→ WHAT THE TASK ASKS
Copy the lines exactly as they appear, starting with the first line of the records and ending with the line that contains "This vehicle is".

[Start of Attachment]

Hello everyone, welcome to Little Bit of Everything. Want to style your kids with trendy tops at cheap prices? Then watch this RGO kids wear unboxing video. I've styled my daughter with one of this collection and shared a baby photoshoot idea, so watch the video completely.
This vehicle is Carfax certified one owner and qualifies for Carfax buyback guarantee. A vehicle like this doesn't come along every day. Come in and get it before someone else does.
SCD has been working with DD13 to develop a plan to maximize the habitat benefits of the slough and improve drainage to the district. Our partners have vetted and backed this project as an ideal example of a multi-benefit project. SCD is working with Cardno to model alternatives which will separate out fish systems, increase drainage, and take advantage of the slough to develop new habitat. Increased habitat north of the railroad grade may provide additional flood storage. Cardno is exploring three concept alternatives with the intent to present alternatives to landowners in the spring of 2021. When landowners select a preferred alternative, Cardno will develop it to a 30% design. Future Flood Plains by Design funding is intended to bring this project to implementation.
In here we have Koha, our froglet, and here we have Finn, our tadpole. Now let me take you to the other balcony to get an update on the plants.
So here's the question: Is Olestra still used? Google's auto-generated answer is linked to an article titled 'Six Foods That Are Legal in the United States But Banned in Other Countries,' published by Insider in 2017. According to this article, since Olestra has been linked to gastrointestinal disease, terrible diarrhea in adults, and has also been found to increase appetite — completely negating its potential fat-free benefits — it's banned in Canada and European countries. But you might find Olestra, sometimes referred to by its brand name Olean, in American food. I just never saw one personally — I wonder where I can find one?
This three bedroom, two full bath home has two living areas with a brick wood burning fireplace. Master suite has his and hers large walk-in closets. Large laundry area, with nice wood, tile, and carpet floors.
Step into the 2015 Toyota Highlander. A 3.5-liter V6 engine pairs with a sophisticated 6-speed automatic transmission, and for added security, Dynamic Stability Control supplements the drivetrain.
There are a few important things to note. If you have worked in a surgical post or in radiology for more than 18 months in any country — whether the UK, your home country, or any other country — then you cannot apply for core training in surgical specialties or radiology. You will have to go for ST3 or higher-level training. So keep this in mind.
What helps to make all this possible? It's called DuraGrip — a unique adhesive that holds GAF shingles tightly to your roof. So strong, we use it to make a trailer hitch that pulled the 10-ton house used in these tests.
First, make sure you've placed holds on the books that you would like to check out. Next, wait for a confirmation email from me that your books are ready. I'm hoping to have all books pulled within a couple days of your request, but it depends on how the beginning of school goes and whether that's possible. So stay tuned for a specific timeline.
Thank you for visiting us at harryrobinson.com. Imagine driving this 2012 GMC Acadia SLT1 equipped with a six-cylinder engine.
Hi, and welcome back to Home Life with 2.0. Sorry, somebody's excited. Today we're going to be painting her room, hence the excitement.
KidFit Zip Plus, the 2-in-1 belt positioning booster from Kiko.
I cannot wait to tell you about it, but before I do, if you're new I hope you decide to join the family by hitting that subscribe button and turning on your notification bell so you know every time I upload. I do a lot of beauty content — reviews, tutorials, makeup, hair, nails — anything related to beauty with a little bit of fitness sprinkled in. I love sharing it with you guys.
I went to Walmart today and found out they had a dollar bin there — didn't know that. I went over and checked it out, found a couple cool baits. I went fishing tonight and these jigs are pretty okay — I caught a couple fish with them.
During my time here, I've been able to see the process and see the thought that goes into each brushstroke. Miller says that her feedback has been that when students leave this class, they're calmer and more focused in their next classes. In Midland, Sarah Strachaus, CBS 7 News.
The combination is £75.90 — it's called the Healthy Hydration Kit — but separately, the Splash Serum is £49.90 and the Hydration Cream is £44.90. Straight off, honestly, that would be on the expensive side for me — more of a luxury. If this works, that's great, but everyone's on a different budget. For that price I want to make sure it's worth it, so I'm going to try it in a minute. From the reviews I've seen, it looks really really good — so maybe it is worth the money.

[End of Attachment]

→ EXPECTED ANSWER
Hello everyone, welcome to Little Bit of Everything. Want to style your kids with trendy tops at cheap prices? Then watch this RGO kids wear unboxing video. I've styled my daughter with one of this collection and shared a baby photoshoot idea, so watch the video completely.
This vehicle is Carfax certified one owner and qualifies for Carfax buyback guarantee. A vehicle like this doesn't come along every day. Come in and get it before someone else does.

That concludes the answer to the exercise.